Problem:
The entries must be retyped exactly, down to the last line.

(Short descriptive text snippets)
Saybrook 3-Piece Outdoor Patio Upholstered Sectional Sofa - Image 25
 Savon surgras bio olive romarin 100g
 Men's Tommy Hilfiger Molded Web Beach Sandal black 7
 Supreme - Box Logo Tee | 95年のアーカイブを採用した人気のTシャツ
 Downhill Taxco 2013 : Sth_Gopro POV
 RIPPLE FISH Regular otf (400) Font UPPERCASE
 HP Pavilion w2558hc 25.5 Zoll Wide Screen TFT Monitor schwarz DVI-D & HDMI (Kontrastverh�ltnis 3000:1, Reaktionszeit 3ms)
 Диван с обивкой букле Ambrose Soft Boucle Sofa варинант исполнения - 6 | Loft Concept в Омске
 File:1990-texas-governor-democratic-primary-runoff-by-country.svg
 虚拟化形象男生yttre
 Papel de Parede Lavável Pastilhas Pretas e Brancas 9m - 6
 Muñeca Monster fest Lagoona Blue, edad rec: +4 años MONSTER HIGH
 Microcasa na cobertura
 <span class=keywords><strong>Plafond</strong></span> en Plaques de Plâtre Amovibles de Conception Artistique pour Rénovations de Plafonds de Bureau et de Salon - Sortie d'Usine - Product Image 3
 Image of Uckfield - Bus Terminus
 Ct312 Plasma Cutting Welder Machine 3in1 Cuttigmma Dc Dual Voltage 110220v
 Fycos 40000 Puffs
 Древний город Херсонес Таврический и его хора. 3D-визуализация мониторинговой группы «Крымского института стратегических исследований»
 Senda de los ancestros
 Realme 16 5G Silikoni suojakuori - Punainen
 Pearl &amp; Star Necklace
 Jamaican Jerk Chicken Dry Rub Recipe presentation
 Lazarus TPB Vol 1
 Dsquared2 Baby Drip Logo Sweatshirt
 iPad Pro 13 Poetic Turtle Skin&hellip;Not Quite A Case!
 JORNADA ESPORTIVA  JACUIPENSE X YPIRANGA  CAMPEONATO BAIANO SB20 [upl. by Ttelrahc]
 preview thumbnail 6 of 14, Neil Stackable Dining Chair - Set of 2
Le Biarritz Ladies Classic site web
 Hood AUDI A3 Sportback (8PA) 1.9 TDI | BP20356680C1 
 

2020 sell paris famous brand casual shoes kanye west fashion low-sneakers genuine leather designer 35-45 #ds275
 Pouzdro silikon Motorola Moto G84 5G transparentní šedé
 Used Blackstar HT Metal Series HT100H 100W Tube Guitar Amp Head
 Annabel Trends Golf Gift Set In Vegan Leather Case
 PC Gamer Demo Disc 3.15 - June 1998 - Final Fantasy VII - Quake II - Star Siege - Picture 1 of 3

Response area:
Saybrook 3-Piece Outdoor Patio Upholstered Sectional Sofa - Image 25
 Savon surgras bio olive romarin 100g
 Men's Tommy Hilfiger Molded Web Beach Sandal black 7
 Supreme - Box Logo Tee | 95年のアーカイブを採用した人気のTシャツ
 Downhill Taxco 2013 : Sth_Gopro POV
 RIPPLE FISH Regular otf (400) Font UPPERCASE
 HP Pavilion w2558hc 25.5 Zoll Wide Screen TFT Monitor schwarz DVI-D & HDMI (Kontrastverh�ltnis 3000:1, Reaktionszeit 3ms)
 Диван с обивкой букле Ambrose Soft Boucle Sofa варинант исполнения - 6 | Loft Concept в Омске
 File:1990-texas-governor-democratic-primary-runoff-by-country.svg
 虚拟化形象男生yttre
 Papel de Parede Lavável Pastilhas Pretas e Brancas 9m - 6
 Muñeca Monster fest Lagoona Blue, edad rec: +4 años MONSTER HIGH
 Microcasa na cobertura
 <span class=keywords><strong>Plafond</strong></span> en Plaques de Plâtre Amovibles de Conception Artistique pour Rénovations de Plafonds de Bureau et de Salon - Sortie d'Usine - Product Image 3
 Image of Uckfield - Bus Terminus
 Ct312 Plasma Cutting Welder Machine 3in1 Cuttigmma Dc Dual Voltage 110220v
 Fycos 40000 Puffs
 Древний город Херсонес Таврический и его хора. 3D-визуализация мониторинговой группы «Крымского института стратегических исследований»
 Senda de los ancestros
 Realme 16 5G Silikoni suojakuori - Punainen
 Pearl &amp; Star Necklace
 Jamaican Jerk Chicken Dry Rub Recipe presentation
 Lazarus TPB Vol 1
 Dsquared2 Baby Drip Logo Sweatshirt
 iPad Pro 13 Poetic Turtle Skin&hellip;Not Quite A Case!
 JORNADA ESPORTIVA  JACUIPENSE X YPIRANGA  CAMPEONATO BAIANO SB20 [upl. by Ttelrahc]
 preview thumbnail 6 of 14, Neil Stackable Dining Chair - Set of 2
Le Biarritz Ladies Classic site web
 Hood AUDI A3 Sportback (8PA) 1.9 TDI | BP20356680C1 
 

2020 sell paris famous brand casual shoes kanye west fashion low-sneakers genuine leather designer 35-45 #ds275
 Pouzdro silikon Motorola Moto G84 5G transparentní šedé
 Used Blackstar HT Metal Series HT100H 100W Tube Guitar Amp Head
 Annabel Trends Golf Gift Set In Vegan Leather Case
 PC Gamer Demo Disc 3.15 - June 1998 - Final Fantasy VII - Quake II - Star Siege - Picture 1 of 3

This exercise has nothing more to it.